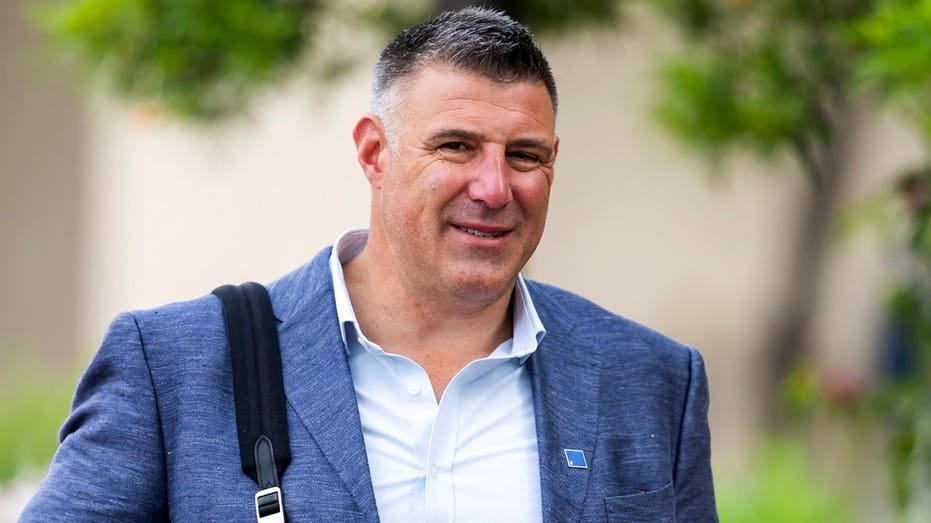 Patriots coach Mike Vrabel and wife attend Taylor Swift-Travis Kelce wedding in New York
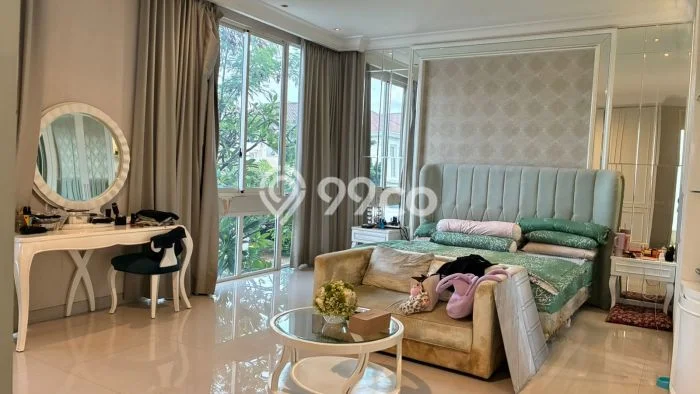 Rumah Luxury Modern Tanpa Renovasi di Pakuwon Indah Surabaya Rumah Luxury Modern Tanpa Renovasi di Pakuwon Indah Surabaya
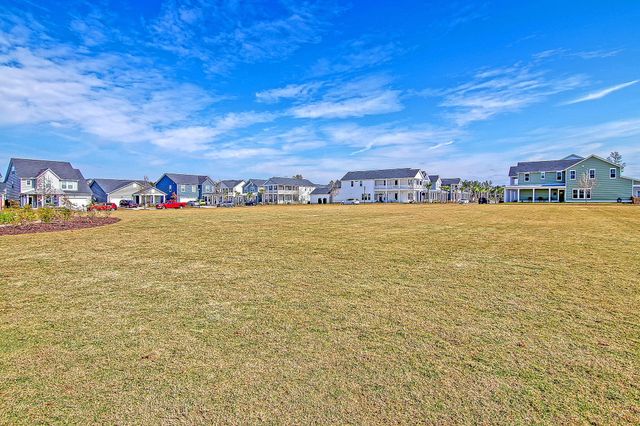 103 Nutmeg Way, Summerville, SC 29485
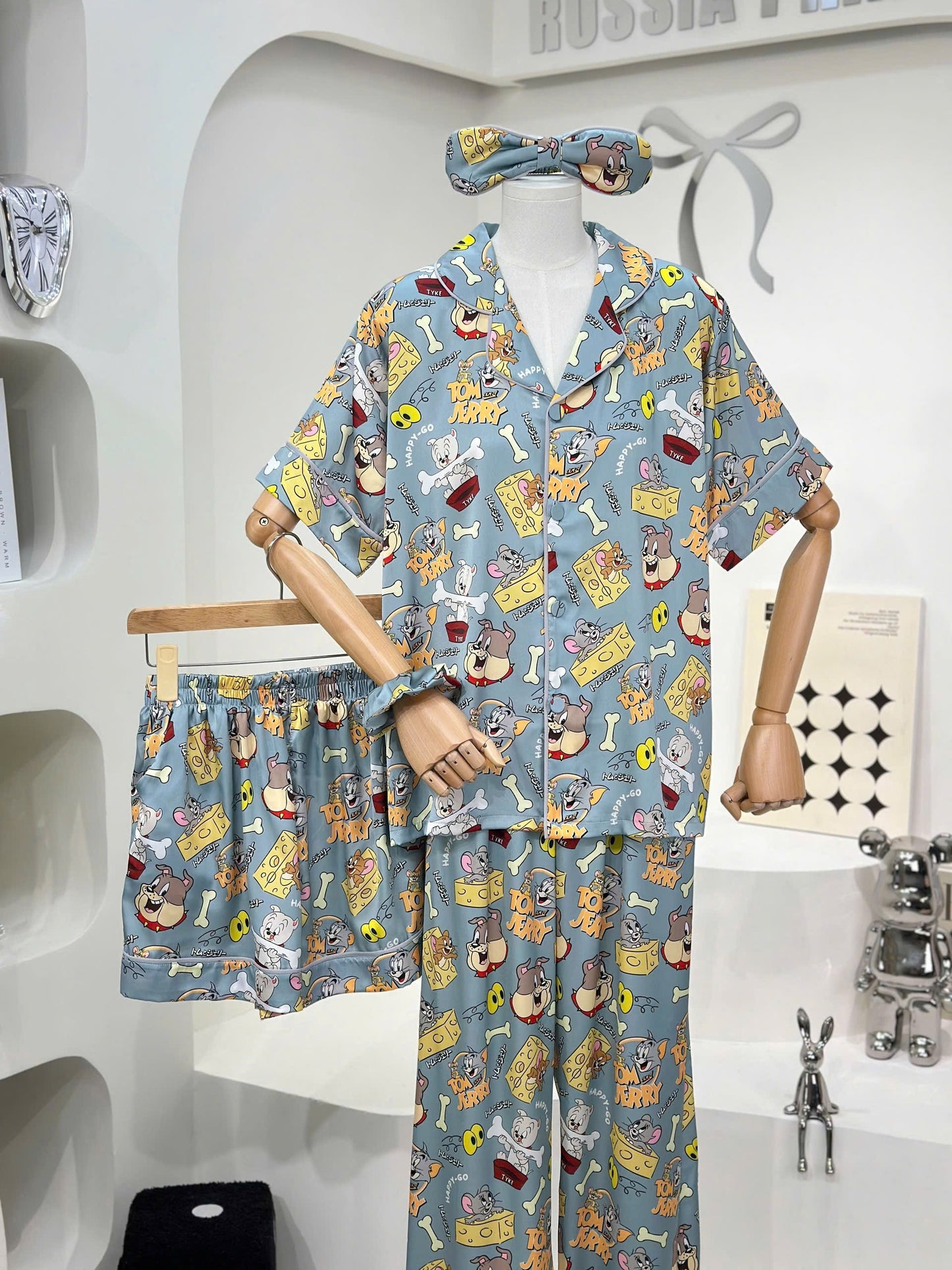 Gray Tom and Jerry Satin Pajama Short Sleeve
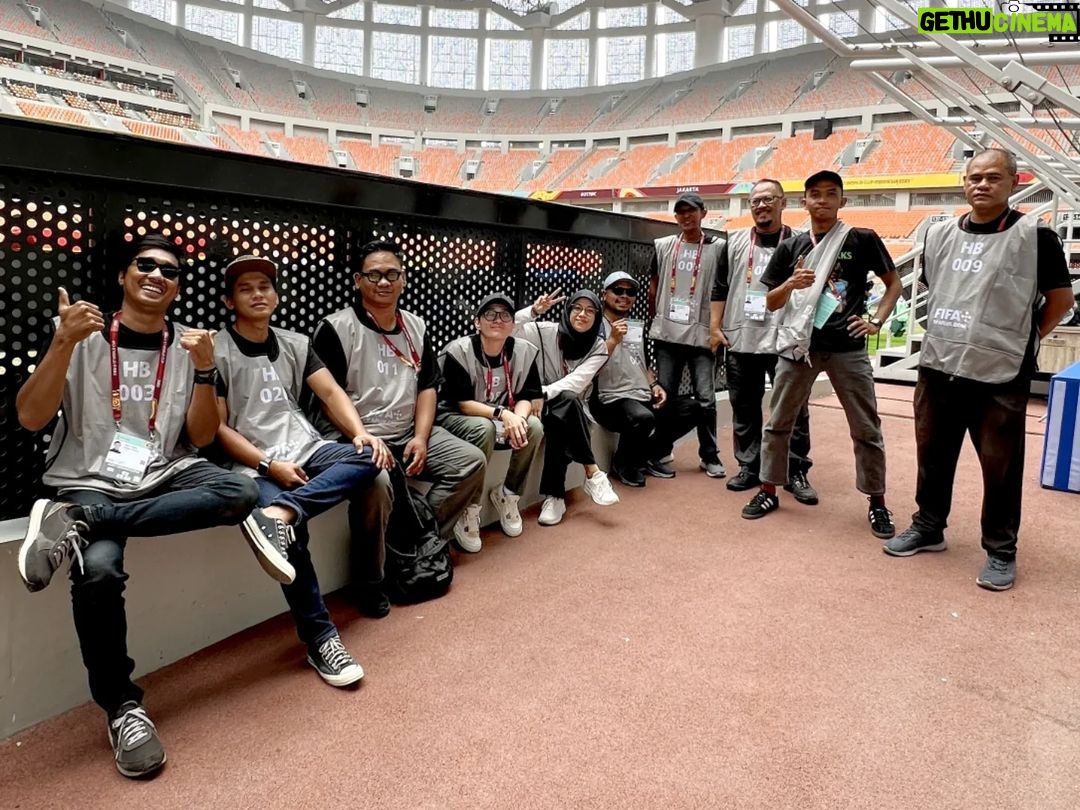 Indra Yudhistira Instagram - Host Broadcaster, Fifa World Cup U17, Jakarta. Terimakasih World Cup, Terimakasih Jakarta 🤍 . . #hostbroadcaster #fifaworldcup2023 #worldcupu17 #campersiep #jakartainternationalstadium
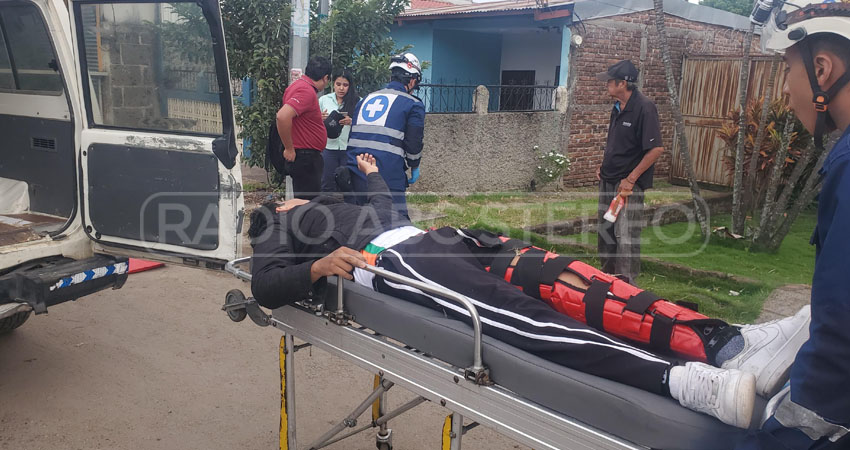 El adolescente sufrió lesiones tras el impacto. Foto: José Enrique Ortega/Radio ABC Stereo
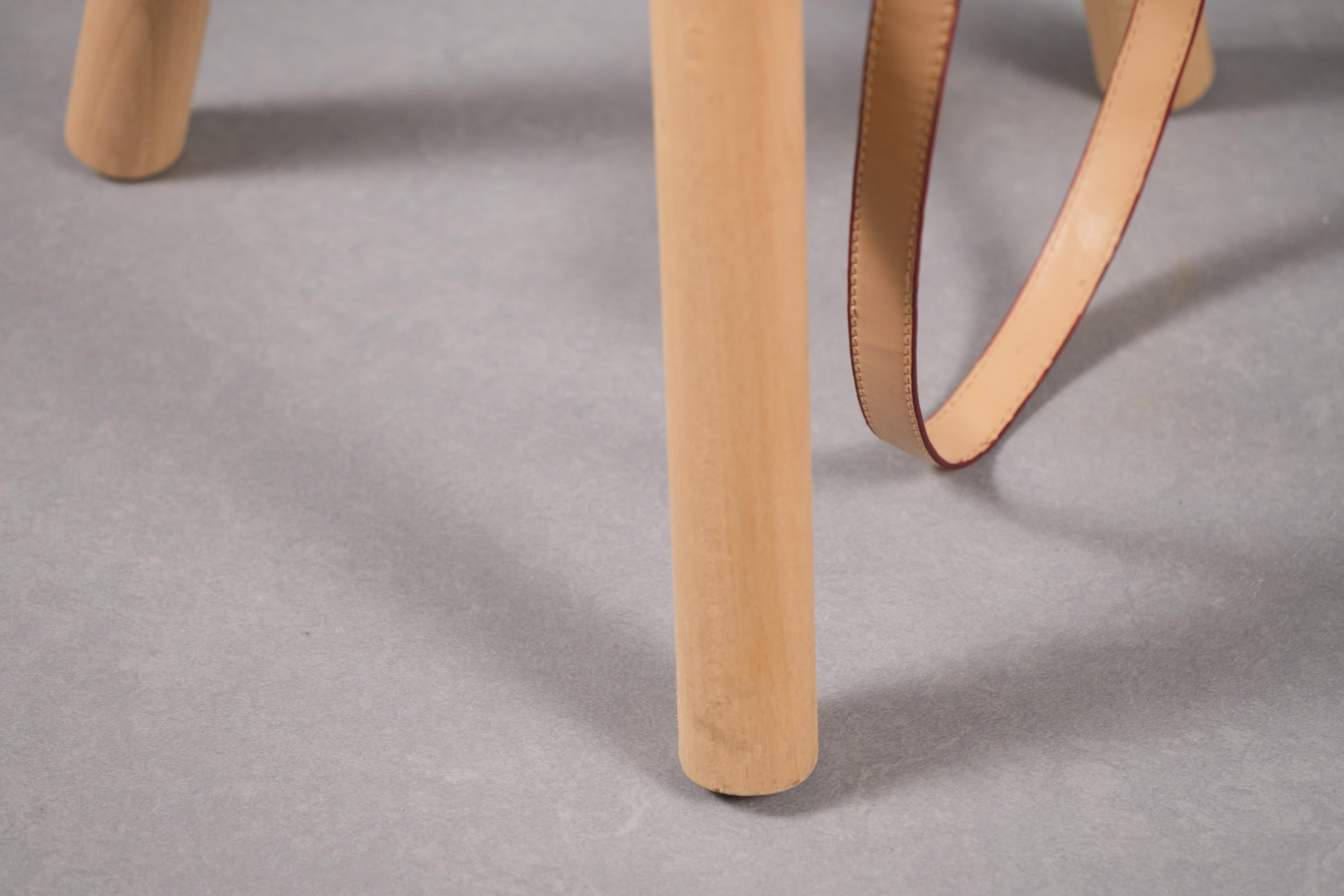 Tabouret bas FB 1 en Wood Wood récupéré avec sac Knock-Off en faux cuir par Curro Claret Neuf - En vente à Barcelona, ES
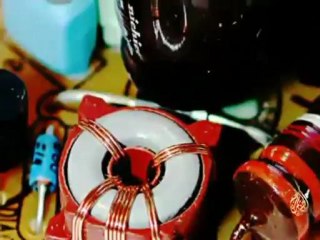 عن كثب- مركبة أوليسس، المصابيح، مصانع إنتاج السيارات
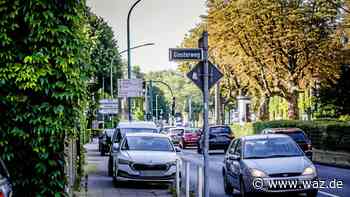 Parken auf dem Bürgersteig: Fußgänger laufen Umwege in Essen - WAZ News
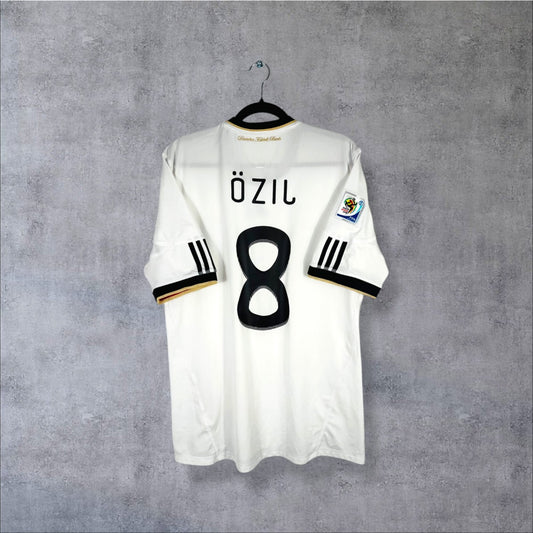 Flocage Özil numéro 8 sur maillot Allemagne 2010 Domicile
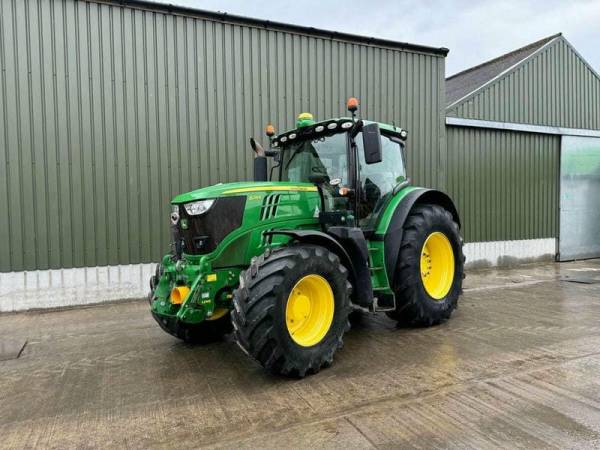 Трактор John Deere 6215R (2015)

========

TASK TO CARRY OUT:
All lines from the beginning of the material above through the line holding "El adolescente sufrió" are to be given again exactly, and no others; pictures do not go in.

TASK ANSWER:
 Patriots coach Mike Vrabel and wife attend Taylor Swift-Travis Kelce wedding in New York
 Rumah Luxury Modern Tanpa Renovasi di Pakuwon Indah Surabaya Rumah Luxury Modern Tanpa Renovasi di Pakuwon Indah Surabaya
 103 Nutmeg Way, Summerville, SC 29485
 Gray Tom and Jerry Satin Pajama Short Sleeve
 Indra Yudhistira Instagram - Host Broadcaster, Fifa World Cup U17, Jakarta. Terimakasih World Cup, Terimakasih Jakarta 🤍 . . #hostbroadcaster #fifaworldcup2023 #worldcupu17 #campersiep #jakartainternationalstadium
 El adolescente sufrió lesiones tras el impacto. Foto: José Enrique Ortega/Radio ABC Stereo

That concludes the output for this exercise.